Retail Banking compliance teams reviewing AI-assisted fair-value methodology summaries should treat 'substantiated comparisons' as a model-fabricated standard. Adopting it into the fair-value template raises the bar above FG22/5's qualitative-assessment expectation and creates documentation overhead with no compliance dividend.
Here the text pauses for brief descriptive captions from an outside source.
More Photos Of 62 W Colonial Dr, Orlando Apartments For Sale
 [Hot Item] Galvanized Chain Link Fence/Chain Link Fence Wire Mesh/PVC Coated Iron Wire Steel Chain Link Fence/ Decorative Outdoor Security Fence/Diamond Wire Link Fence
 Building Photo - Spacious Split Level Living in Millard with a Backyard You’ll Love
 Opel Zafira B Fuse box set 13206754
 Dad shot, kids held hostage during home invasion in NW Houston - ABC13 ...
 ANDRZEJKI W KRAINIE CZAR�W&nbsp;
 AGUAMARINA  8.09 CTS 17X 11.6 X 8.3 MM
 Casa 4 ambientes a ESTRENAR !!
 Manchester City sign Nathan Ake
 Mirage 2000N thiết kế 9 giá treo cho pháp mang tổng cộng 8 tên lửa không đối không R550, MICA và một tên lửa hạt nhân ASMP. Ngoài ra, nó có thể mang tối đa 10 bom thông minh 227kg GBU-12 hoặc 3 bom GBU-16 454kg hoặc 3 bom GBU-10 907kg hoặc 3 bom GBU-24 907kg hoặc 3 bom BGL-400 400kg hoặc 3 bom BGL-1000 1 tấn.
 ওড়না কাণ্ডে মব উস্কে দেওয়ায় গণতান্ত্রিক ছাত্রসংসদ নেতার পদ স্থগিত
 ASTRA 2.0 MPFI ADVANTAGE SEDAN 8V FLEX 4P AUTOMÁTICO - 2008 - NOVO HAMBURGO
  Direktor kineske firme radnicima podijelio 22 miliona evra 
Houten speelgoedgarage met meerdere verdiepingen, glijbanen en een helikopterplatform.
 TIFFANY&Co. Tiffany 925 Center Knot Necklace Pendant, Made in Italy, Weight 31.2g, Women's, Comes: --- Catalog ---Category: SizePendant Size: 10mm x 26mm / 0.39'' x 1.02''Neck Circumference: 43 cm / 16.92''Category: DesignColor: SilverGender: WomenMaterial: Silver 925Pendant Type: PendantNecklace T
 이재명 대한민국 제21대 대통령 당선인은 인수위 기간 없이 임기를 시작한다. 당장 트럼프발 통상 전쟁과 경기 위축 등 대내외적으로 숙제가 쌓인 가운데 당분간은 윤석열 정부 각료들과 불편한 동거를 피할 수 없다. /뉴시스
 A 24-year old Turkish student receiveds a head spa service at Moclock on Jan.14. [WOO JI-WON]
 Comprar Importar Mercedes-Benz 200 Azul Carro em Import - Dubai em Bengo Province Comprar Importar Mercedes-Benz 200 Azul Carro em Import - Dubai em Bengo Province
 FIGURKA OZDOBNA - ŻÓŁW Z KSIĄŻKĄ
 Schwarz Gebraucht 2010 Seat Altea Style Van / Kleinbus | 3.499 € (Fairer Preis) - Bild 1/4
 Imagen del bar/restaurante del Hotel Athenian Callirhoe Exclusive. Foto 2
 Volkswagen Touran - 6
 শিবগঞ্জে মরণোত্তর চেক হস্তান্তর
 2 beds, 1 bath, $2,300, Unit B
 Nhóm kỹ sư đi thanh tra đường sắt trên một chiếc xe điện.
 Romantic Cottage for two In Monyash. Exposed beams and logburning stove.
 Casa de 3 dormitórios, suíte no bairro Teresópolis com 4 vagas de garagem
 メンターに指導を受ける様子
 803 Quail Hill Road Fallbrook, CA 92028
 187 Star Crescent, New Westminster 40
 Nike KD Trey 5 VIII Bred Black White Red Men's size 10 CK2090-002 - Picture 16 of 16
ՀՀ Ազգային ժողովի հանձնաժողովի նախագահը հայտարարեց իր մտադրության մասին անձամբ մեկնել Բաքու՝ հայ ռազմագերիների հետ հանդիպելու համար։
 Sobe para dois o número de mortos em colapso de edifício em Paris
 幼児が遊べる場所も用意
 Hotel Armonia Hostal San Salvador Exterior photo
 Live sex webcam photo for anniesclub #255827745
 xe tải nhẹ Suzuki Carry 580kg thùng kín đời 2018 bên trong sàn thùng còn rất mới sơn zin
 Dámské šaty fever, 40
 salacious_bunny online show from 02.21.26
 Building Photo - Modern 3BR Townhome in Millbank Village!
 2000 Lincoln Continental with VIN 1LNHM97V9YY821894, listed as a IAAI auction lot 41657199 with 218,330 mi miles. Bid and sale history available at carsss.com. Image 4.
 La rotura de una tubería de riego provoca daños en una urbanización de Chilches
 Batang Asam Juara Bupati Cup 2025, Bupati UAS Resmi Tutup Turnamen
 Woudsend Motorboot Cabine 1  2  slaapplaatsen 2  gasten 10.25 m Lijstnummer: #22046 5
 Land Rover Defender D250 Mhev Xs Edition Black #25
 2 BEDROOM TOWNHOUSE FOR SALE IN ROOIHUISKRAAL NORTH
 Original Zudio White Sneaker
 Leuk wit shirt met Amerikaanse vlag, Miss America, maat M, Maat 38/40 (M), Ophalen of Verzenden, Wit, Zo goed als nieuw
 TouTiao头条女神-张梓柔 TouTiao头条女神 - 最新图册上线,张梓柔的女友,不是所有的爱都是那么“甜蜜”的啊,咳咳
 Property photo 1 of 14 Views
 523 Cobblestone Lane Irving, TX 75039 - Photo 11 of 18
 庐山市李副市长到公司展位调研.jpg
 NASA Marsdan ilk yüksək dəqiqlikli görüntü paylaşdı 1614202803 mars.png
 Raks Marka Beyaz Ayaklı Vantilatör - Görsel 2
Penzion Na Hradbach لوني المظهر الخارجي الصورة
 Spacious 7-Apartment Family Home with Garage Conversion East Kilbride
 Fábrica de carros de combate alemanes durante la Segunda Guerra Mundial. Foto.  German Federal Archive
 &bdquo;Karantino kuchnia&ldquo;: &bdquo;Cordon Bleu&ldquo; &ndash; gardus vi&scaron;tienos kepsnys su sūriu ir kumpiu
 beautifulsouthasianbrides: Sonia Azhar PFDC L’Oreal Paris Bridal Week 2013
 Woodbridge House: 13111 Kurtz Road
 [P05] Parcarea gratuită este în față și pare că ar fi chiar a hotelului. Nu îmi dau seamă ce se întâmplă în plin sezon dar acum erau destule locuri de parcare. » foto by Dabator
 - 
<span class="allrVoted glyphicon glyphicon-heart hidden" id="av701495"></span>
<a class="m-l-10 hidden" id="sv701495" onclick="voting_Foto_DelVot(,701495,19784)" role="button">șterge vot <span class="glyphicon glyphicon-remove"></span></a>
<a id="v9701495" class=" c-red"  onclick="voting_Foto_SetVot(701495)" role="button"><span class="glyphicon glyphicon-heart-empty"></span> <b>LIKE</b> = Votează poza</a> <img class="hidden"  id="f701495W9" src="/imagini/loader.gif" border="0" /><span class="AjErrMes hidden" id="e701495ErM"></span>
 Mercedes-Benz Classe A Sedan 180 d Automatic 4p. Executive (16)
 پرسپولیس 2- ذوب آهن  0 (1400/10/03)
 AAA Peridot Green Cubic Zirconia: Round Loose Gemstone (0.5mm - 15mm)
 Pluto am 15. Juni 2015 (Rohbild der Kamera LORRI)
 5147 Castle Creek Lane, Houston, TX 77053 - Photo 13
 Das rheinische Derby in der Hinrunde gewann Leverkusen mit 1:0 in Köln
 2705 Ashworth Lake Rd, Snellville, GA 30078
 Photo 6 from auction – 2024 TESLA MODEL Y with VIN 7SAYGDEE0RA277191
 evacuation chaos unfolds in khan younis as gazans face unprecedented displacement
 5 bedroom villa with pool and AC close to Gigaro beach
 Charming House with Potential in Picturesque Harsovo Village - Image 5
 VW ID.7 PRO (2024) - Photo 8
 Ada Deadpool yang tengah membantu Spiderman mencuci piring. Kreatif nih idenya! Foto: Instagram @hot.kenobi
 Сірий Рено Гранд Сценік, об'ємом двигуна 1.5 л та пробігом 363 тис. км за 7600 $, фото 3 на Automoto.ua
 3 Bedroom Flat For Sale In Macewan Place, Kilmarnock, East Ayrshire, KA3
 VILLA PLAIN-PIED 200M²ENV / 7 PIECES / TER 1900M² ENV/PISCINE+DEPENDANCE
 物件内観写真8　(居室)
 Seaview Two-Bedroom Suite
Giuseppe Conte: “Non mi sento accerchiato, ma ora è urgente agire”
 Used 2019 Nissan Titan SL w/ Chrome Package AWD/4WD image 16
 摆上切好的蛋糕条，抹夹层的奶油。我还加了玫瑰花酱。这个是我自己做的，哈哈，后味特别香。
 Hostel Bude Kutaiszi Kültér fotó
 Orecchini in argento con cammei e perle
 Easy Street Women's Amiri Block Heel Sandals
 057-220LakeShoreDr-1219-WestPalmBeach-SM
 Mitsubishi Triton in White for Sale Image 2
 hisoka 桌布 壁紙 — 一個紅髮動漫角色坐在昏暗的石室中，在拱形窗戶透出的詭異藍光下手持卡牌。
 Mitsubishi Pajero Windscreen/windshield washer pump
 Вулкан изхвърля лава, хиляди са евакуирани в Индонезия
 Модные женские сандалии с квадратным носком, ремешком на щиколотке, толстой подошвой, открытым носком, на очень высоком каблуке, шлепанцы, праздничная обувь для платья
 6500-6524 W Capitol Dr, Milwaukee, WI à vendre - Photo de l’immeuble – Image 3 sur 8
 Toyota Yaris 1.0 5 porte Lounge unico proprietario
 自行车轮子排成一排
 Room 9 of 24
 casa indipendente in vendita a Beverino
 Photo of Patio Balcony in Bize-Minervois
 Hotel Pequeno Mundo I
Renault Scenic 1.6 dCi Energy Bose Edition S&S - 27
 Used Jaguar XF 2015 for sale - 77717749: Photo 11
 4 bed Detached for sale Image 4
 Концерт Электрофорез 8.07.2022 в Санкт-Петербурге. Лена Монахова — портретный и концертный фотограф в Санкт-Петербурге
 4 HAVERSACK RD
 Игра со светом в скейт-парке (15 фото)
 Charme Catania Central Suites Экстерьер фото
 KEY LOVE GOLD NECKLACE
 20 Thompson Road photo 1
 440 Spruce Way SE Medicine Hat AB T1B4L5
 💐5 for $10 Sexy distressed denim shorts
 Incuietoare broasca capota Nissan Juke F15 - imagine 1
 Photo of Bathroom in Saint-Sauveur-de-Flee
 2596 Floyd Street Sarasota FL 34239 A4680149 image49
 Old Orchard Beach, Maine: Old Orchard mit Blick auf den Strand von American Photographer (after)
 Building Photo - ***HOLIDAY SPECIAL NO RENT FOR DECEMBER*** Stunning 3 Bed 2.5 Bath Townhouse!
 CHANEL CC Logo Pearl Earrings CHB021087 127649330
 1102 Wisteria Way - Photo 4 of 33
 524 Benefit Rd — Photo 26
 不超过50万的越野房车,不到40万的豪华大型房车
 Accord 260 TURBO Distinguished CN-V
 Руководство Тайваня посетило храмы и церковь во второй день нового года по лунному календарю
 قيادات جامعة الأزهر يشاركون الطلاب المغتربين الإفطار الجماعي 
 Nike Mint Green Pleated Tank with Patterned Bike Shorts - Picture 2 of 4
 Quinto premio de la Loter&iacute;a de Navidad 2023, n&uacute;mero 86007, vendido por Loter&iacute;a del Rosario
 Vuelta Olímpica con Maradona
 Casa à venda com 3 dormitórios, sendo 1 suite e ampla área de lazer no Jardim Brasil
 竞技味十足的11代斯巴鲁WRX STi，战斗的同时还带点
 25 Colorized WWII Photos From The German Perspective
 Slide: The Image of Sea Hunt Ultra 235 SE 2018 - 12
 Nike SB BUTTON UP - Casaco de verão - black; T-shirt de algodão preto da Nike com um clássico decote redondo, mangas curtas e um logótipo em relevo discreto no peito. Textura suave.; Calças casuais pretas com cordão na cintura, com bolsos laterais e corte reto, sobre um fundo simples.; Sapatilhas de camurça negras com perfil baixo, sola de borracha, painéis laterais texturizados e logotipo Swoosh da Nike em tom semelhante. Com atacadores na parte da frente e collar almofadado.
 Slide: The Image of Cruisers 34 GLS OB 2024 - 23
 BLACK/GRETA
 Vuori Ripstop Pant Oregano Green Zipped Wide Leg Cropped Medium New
Retail Banking compliance teams tracking the live FCA supervisory-letter landscape need an accurate account of FS25/2's March 2025 withdrawals. The model's split timeline of April and August 2025 events misrepresents the regulator's record and, if carried into a horizon-scanning summary, would mislead the compliance committee on which letters and multi-firm reports are in force.
Retail Banking compliance teams cannot afford an evasive AI response on a question the regulator has answered in print. FS25/2's '90+' figure is on the FCA website; a compliance-summary that records the AI's 'cannot confirm' position leaves the firm without a verified position on a directly retrievable fact.
Retail Banking compliance teams meeting on the FCA's withdrawn-letter landscape need a clean account; the model's repeated April/August 2025 timeline across two questions strongly suggests the AI's internal representation is fabricated, and any compliance brief that imports it will be wrong in two places, not one.
Retail Banking compliance teams should treat the model's combined evasion-plus-fabricated-citation pattern as the highest-risk failure mode in AI-assisted regulatory work. A compliance brief that includes the fabricated Clifford Chance URL imports a sourcing failure that survives surface review but fails any deeper check.
Every finding on this page compares an AI subject's account of the rule against the regulator's verbatim text from the regulator's own portal. Both are linked. Each delta, its root causes, and impact analysis are documented and published with immutable Citation IDs.